### Record excerpts
-*-

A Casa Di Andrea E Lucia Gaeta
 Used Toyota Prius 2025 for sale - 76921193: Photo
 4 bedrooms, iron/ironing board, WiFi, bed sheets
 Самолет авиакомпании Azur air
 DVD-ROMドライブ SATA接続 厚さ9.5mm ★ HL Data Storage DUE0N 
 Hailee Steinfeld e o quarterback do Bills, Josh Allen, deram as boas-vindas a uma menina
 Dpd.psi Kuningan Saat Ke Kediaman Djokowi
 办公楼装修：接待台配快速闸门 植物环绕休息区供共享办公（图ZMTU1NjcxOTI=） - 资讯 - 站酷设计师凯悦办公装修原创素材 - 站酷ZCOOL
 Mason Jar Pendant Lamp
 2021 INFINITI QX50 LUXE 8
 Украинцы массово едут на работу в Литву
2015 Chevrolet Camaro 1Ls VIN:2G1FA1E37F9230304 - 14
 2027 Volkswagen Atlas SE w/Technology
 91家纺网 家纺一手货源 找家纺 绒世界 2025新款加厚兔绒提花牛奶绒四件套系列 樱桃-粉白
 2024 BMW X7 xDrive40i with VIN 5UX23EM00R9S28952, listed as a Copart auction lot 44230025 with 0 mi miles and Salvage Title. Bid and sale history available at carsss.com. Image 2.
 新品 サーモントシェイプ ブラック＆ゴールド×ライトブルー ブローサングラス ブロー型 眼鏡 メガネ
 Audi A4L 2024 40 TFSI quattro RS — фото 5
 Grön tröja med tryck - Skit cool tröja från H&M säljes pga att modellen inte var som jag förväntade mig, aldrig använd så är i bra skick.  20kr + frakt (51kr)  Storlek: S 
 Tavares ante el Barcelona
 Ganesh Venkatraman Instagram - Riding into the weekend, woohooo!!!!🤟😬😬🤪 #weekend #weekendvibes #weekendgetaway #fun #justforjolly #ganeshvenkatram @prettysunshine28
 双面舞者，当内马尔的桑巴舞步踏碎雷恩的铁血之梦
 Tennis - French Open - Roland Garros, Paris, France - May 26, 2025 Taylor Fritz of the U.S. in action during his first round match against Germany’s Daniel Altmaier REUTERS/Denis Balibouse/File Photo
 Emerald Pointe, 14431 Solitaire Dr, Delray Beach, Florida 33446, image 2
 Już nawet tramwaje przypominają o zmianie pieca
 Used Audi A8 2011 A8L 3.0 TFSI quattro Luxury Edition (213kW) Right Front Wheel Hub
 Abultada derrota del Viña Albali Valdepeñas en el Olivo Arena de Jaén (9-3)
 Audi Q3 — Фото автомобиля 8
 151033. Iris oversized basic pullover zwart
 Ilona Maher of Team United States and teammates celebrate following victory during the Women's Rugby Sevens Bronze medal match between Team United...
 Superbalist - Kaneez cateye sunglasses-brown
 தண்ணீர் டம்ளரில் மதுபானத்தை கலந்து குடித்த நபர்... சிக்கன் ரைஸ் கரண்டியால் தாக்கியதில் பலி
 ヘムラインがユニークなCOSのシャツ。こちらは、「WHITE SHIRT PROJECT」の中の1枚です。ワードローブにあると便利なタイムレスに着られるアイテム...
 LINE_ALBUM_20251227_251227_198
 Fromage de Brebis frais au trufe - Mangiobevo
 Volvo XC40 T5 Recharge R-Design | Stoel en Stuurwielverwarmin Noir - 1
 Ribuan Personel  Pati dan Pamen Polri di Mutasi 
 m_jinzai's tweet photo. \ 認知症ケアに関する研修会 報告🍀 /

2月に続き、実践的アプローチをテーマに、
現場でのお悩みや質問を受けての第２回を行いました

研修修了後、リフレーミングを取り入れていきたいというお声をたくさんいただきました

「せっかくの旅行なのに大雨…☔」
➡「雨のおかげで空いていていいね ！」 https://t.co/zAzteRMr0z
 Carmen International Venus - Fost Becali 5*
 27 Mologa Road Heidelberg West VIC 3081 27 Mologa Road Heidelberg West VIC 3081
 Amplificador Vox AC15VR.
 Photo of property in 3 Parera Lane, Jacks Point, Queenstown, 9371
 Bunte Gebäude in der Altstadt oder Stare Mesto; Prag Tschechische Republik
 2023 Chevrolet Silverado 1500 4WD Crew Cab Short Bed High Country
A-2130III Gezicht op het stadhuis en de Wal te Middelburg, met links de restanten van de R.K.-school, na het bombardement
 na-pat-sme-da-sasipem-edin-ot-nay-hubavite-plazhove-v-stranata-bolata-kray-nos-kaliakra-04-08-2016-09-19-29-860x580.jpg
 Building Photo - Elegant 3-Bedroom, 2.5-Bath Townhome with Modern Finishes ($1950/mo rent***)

-*-

### Your goal
What is asked for is an exact copy of the lines above from the one containing "2021 INFINITI QX50 LUXE 8" through the one containing "Tavares ante el Barcelona", and only those.

### Answer to this task
 2021 INFINITI QX50 LUXE 8
 Украинцы массово едут на работу в Литву
2015 Chevrolet Camaro 1Ls VIN:2G1FA1E37F9230304 - 14
 2027 Volkswagen Atlas SE w/Technology
 91家纺网 家纺一手货源 找家纺 绒世界 2025新款加厚兔绒提花牛奶绒四件套系列 樱桃-粉白
 2024 BMW X7 xDrive40i with VIN 5UX23EM00R9S28952, listed as a Copart auction lot 44230025 with 0 mi miles and Salvage Title. Bid and sale history available at carsss.com. Image 2.
 新品 サーモントシェイプ ブラック＆ゴールド×ライトブルー ブローサングラス ブロー型 眼鏡 メガネ
 Audi A4L 2024 40 TFSI quattro RS — фото 5
 Grön tröja med tryck - Skit cool tröja från H&M säljes pga att modellen inte var som jag förväntade mig, aldrig använd så är i bra skick.  20kr + frakt (51kr)  Storlek: S 
 Tavares ante el Barcelona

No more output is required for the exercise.